#### RAW DATA
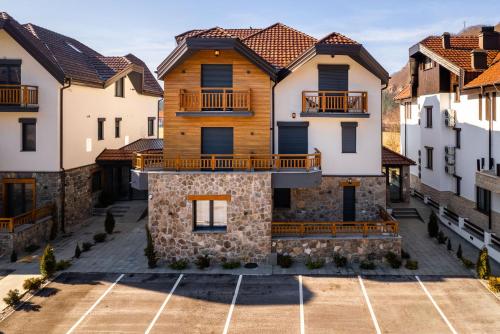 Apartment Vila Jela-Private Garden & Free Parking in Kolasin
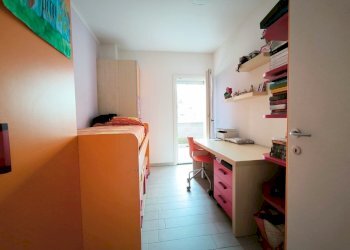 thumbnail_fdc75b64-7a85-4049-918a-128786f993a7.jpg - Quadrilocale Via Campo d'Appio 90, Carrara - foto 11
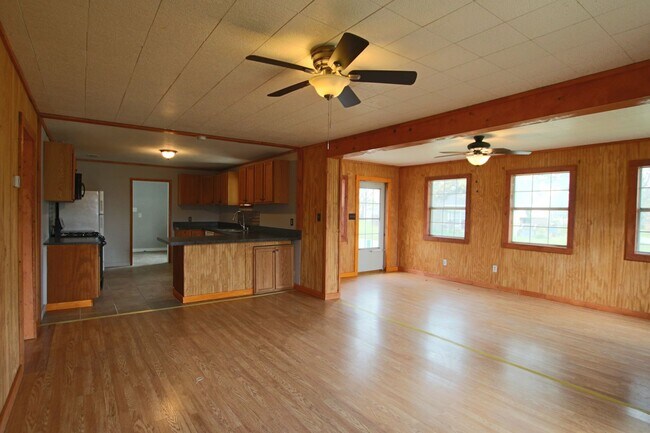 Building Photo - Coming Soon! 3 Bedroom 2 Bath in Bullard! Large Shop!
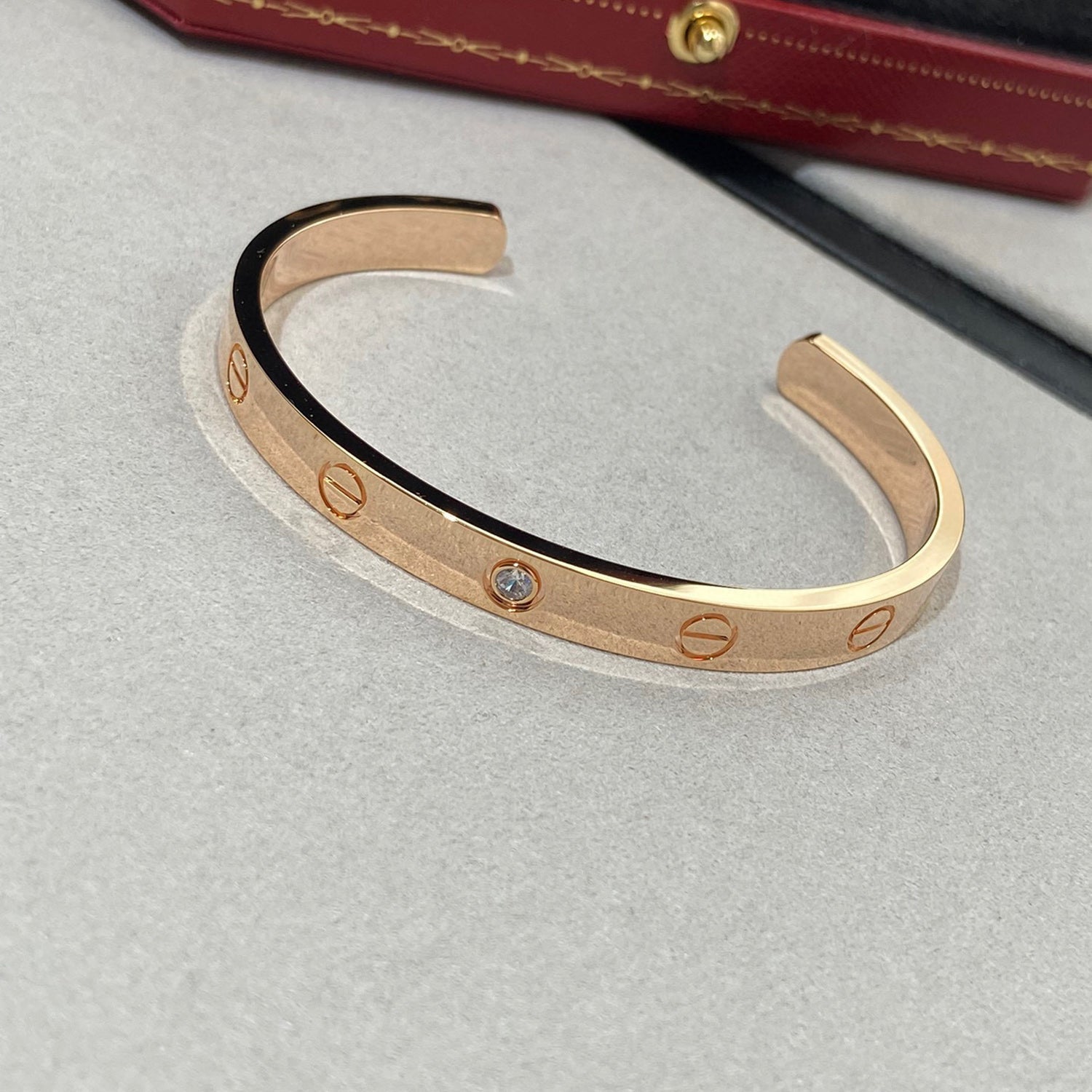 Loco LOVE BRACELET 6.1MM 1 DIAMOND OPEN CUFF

#### TASK DIRECTIONS
Repeat every line above precisely; pictures do not belong in the copy.

#### EXERCISE SOLUTION
 Apartment Vila Jela-Private Garden & Free Parking in Kolasin
 thumbnail_fdc75b64-7a85-4049-918a-128786f993a7.jpg - Quadrilocale Via Campo d'Appio 90, Carrara - foto 11
 Building Photo - Coming Soon! 3 Bedroom 2 Bath in Bullard! Large Shop!
 Loco LOVE BRACELET 6.1MM 1 DIAMOND OPEN CUFF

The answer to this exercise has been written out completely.